Book by Simon Reynolds

Retromania: Pop culture’s addiction to its own pastGiven all the band reunions, rock biopics, deluxe re-reissues, and whole-album concerts in the past decade, has popular music lost its way? Reynolds thinks so.

A London-born, California-based journalist, Reynolds offers many reasons for the obsessive resurrection of the recent past, among them an aging population’s nostalgia, the flattening out of past and present by YouTube, and the impulse to recapture the fervour of revolutionary musical movements.
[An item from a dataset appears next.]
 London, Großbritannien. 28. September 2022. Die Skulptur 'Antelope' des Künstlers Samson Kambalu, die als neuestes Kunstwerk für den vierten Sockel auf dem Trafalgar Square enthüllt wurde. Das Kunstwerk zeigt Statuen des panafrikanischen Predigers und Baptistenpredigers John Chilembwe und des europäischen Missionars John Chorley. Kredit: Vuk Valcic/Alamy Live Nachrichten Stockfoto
He plots a history of such revivals, from late-’40s “trad” jazz through “nu-rave” in the mid-2000s, and argues that over time, they lose their original cultural heft.

Reynolds is geekily erudite and sweepingly referential, focusing on music but in a broad cultural context, where Baudrillard rubs shoulders with the Beach Boys, Kim Wilde with Oscar Wilde. His accounts of arcane styles and subcultures such as “hypnagogic pop” and Japanese Shibuya-kei are best appreciated with YouTube, a portal that may, as Reynolds contends, paralyze us through distraction, but also helps make sense of Retromania. His writing is punchy and poetic, as in his depiction of the “ghost dance” of Deadheads, “an endangered, out-of-time people willing a lost world back into existence.”

Reynolds makes so many perceptive points, supported with such strong historical evidence, his book can be exhilarating if you agree with it, fun to spar with if you don’t. He admits his own complicity in recycling the past, as a reviewer of box sets and a “talking head” in rock docs, and yet, he champions the idea of progress in music. Why, he asks, are there no more movements that feel futuristic, that push music “forward,” such as psychedelia, hip hop’s golden age, or rave?

Perhaps the musical “purity” he longs for is illusory. Every style is a palimpsest, every “direction” a circling back and writing over, and now the looming presence of music’s history makes its creators self-aware. Reynolds, for all his future chasing, is nostalgic for the kind of Enlightenment ideal that punk disdained—an old-fashioned way of viewing the world.